Por um amor vira latas:
Nunca acreditei muito nessas coisas de pré destinação escritas e descritas nas estrelas, também nunca acreditei no acaso.
Inferno astral bobagem! No entanto, no limiar dos meus 40 anos, tenho sido tomado por pensamentos que cumprem um pouco as previsões e pragas lançadas, há tempos, pelos mais velhos.
Dentre esses pensamentos, um tem sido recorrente, se feito presente até em meus sonhos, que é o pensamento de que o mundo se descortinaria e todas as etiquetas, rótulos e pompas da juventude se mostrariam como dispensáveis, inúteis e cansativos e nesse momento sentiria falta daquele beijo envergonhado, dado pela mãe, na porta da escola, daquele cachorro vira latas que tinha encontrado na rua, sem raça definida e que me esperava sentado na rua, ainda em chão batido, que quando me avistava corria em minha direção e pulava no meu peito, com uma alegria tão generosa, que sem se importar se minha camisa ou meu avental branquinho se sujariam, lambia minha cara e honesta e fraternalmente, abrigava se ao meu lado para dividirmos um pedaço de pão com manteiga ou outro alimento qualquer, não fazia diferença.
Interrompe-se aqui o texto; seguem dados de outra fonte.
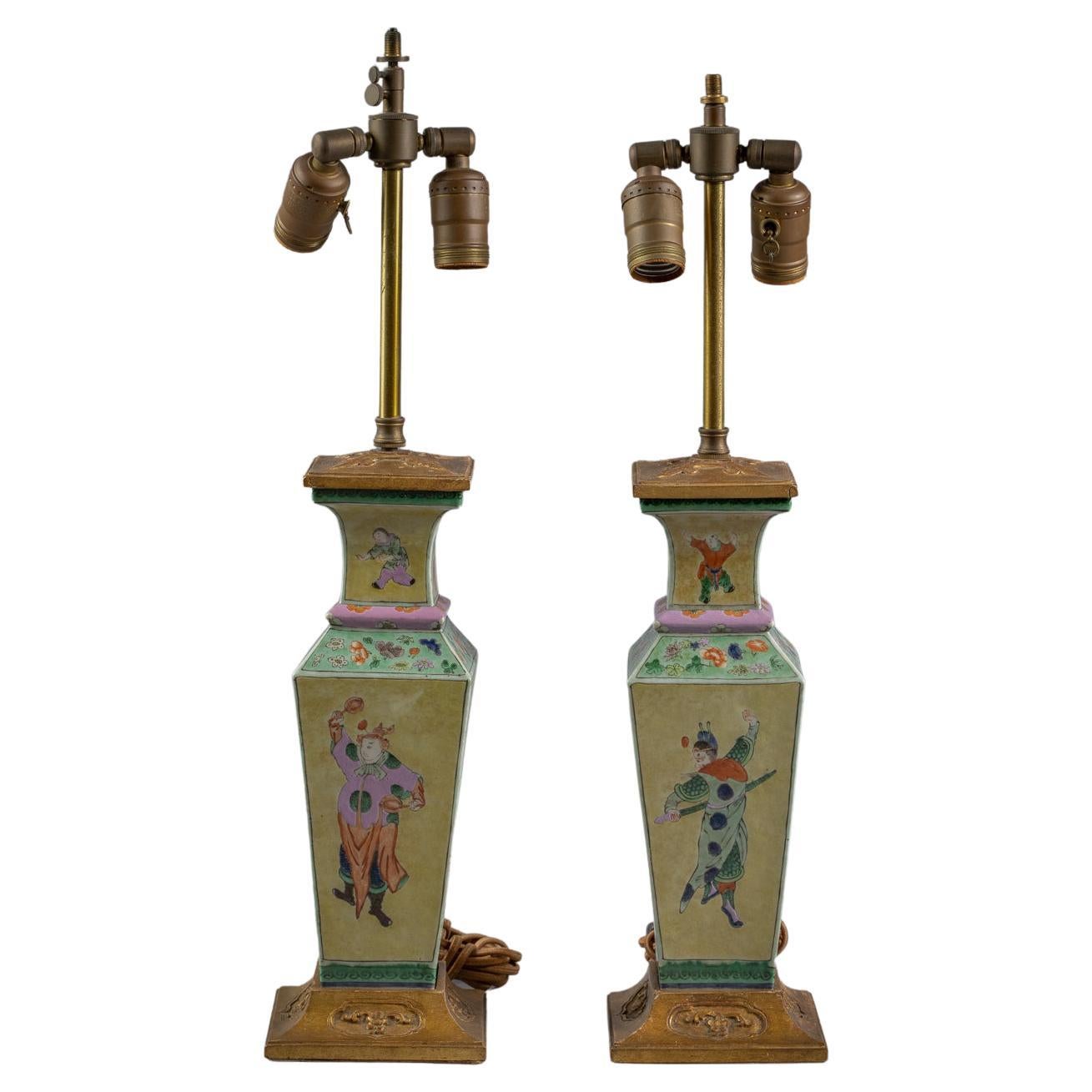 Pair of Chinese Porcelain Yellow Ground Quadrangular Lamps, circa 1875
Minha mãe ! Sim, esbravejava e maldizia o cãozinho, ao ver o estrago que causara em minha roupa, mas com seu jeito caipira e também muito honesto, pegava o avental ou minha camisa, dirigia se ao tanque, com uma pedra de sabão Rio, lavava as roupas, as estendia numa corda, que ela chamava de varal, para "cuará" enquanto isso, eu e meu leal e honesto amigo, nos aquietávamos em algum canto da pequena casa e esperávamos que a velha se acalmasse e fizesse suas previsões: Um dia você vai sentir falta de tudo isso, sentenciava.
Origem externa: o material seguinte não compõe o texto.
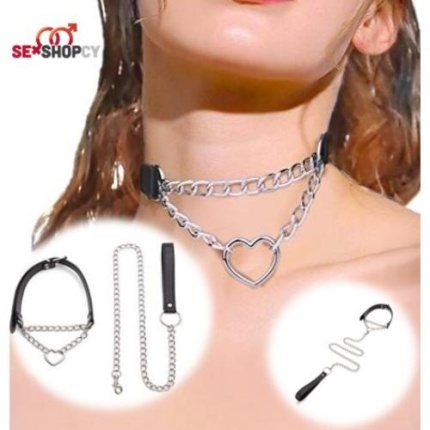 Heart Ring Metal Chain Collar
É, minha velha estava certa, ela ainda está viva e ainda fazendo previsões.
Meu amigo vira latas morreu.
Os vira latas, nunca sabíamos de onde vinham, quem eram seus antecedentes, quais eram suas comidas preferidas ou quais cuidados especiais deveríamos ter com eles, eles simplesmente apareciam e ofereciam o que tinham de melhor, o AMOR, e esse amor era tão puro e tão verdadeiro que eles também nunca nos perguntavam quais eram nossas origens, quais eram nossos gostos pessoais, eles estavam sempre dispostos a dividir um pão com manteiga ou nossos chinelos.
Os pães e os chinelos eram escassos, o AMOR, esse não, o AMOR era abundante.
Hoje compramos nossos amigos, com pedigree e recomendações de cuidados, compramos nossos amigos com etiquetas e pompas, nos desumanizamos para humanizar os bichinhos e pagamos caro para disfarçar nossa desolada solidão, pois o pedigree, os mimos e bibelôs não traduzem o amor.
Hoje, já me desfazendo das cascas douradas e inúteis das horas, como diz o poeta, desejo apenas e profundamente um AMOR vira latas.